Differences between NoSql, MySql, Sqlite and Sql? - bl00djack

What&#x27;s the differences between noSql, mySql, sqlite and sql? I have only used Sqlite3 when I was developing a website with Django and a little bit of MySql when I worked on wordpress during summer, what are the other database languages like?
======
talles
MySQL is a fully featured RDBMS. An example would be enterprise system or
websites.

SQLite is also a RDBMS but a lightweight one, it doesn't require it's own
process, clustering or user management unlike MySQL or others RDBMS. SQLite
consist of a single file and a library to make your application interact with
it.

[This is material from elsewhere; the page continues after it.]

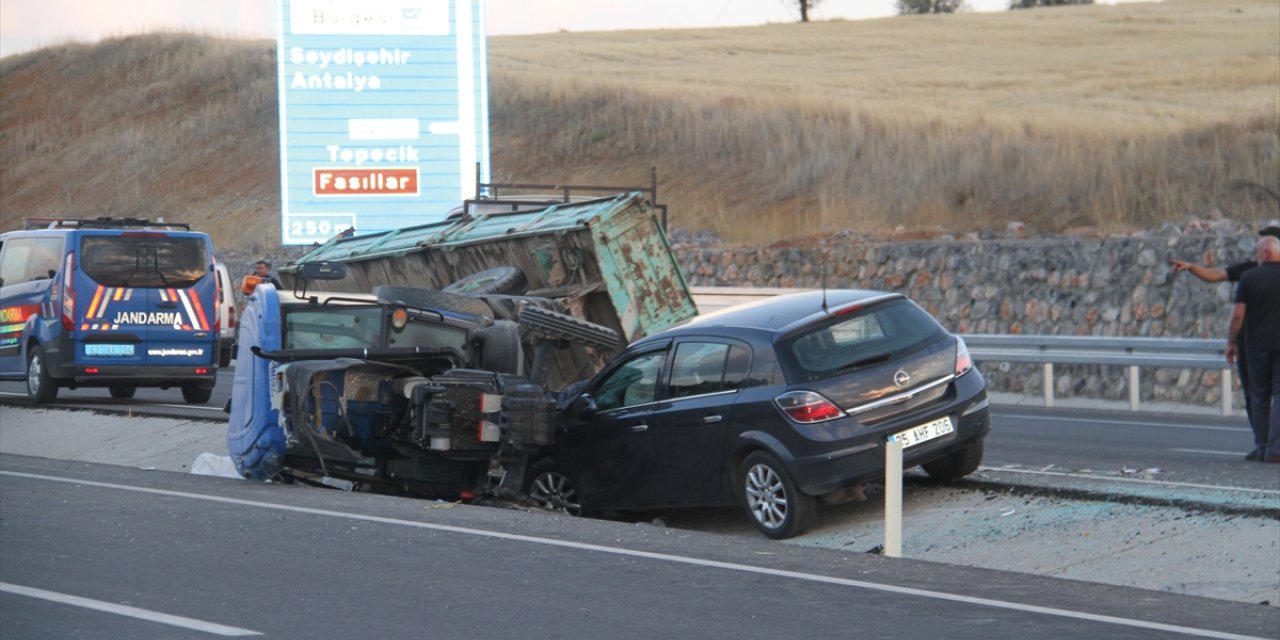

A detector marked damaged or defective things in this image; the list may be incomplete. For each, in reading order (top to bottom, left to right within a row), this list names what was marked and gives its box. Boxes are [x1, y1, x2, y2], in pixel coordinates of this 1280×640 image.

The typical example is storing bookmarks on a web browser, or minor
database in mobile apps.

SQL is the language standard to interact with RDBMS. While it's the same
language, it has minor non-standard variations flavors (like Microsoft's
Transact-SQL).

NoSQL is a broad term to refer to databases that are less restricted on the
database's model associations than a relational one.

------
tlubinski
MySql and Sqlite are relational database management systems (RDBMS), which
hold databases that are based on relations. (Other RDBMS are e.g. Postgresql
or MS SQL Server)

SQL is a programming language to manage data and data definition in RDBMS.
("SELECT * FROM users WHERE lastname = 'Smith';")

NoSQL is a term which describes database systems that don't understand SQL and
usually work as key-value store. (Examples: Riak, Redis, MongoDB (document-
based))

------
t0
The main difference is whether the database runs in memory (mysql and sql), or
it's file based (nosql and sqlite).

Wham downvoted. Is this information incorrect?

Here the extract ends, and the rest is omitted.